◆ Exercise description:
Go to the line in the entries below that holds "Ручка потолка левая Hyundai Getz 1.4 AT" and repeat exactly from there through the line that holds "VERO 4300 BEIGE FLOOR RUG 200x290cm", inclusive.

◆ Data under study:

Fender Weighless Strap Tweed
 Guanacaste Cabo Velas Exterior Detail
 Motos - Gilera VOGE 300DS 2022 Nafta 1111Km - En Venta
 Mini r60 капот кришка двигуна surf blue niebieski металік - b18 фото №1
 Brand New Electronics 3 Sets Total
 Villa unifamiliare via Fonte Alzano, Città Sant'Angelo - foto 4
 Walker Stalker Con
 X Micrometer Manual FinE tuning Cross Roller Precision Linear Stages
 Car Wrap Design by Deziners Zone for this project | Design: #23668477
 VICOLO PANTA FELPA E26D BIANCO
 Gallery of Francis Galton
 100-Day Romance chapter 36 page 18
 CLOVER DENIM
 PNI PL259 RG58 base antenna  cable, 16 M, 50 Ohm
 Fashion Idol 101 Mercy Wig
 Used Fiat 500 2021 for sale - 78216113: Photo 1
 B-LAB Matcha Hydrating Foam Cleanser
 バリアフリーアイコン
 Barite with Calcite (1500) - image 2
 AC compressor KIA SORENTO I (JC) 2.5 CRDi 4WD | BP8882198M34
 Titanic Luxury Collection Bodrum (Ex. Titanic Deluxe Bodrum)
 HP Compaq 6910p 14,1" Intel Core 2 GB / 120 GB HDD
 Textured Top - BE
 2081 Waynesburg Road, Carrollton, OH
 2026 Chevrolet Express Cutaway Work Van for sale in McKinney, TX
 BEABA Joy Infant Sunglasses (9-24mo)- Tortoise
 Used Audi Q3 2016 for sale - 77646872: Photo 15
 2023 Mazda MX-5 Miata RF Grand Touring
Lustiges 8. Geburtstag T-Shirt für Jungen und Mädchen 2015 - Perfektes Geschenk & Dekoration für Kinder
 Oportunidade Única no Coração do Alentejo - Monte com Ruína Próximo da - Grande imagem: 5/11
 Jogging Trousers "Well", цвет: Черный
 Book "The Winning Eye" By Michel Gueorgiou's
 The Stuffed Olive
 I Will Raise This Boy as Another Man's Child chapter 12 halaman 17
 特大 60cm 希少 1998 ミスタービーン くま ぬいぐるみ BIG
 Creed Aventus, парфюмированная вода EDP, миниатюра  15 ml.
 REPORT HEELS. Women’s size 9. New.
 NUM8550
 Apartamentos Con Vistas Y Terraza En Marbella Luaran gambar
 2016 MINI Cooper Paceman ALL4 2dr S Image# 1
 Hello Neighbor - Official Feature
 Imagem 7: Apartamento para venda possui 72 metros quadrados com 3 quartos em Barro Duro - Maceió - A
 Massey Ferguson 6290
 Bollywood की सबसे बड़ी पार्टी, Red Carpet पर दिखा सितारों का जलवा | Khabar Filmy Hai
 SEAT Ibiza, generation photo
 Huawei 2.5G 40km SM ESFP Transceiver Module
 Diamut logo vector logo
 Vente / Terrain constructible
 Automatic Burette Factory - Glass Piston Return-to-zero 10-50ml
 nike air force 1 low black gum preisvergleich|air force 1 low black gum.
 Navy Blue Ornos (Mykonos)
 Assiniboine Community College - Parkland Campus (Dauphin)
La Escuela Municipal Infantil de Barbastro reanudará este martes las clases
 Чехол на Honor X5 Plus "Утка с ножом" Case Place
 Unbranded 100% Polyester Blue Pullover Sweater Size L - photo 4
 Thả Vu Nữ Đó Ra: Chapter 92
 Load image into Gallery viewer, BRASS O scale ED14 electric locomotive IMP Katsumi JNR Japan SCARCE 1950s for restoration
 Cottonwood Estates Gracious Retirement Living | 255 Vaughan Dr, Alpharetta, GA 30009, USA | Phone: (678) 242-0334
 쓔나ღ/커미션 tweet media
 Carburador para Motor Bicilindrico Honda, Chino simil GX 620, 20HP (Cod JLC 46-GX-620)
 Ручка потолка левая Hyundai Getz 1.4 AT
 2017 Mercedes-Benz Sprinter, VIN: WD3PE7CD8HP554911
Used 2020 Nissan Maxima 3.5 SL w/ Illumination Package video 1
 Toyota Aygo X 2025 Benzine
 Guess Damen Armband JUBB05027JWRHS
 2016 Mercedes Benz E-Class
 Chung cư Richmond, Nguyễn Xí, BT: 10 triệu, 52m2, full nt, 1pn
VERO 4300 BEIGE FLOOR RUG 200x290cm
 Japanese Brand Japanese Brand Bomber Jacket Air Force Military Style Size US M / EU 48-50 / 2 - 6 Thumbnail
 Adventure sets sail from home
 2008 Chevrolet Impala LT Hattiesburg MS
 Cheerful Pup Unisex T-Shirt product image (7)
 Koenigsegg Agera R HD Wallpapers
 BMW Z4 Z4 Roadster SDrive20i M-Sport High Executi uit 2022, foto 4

◆ Your response:
 Ручка потолка левая Hyundai Getz 1.4 AT
 2017 Mercedes-Benz Sprinter, VIN: WD3PE7CD8HP554911
Used 2020 Nissan Maxima 3.5 SL w/ Illumination Package video 1
 Toyota Aygo X 2025 Benzine
 Guess Damen Armband JUBB05027JWRHS
 2016 Mercedes Benz E-Class
 Chung cư Richmond, Nguyễn Xí, BT: 10 triệu, 52m2, full nt, 1pn
VERO 4300 BEIGE FLOOR RUG 200x290cm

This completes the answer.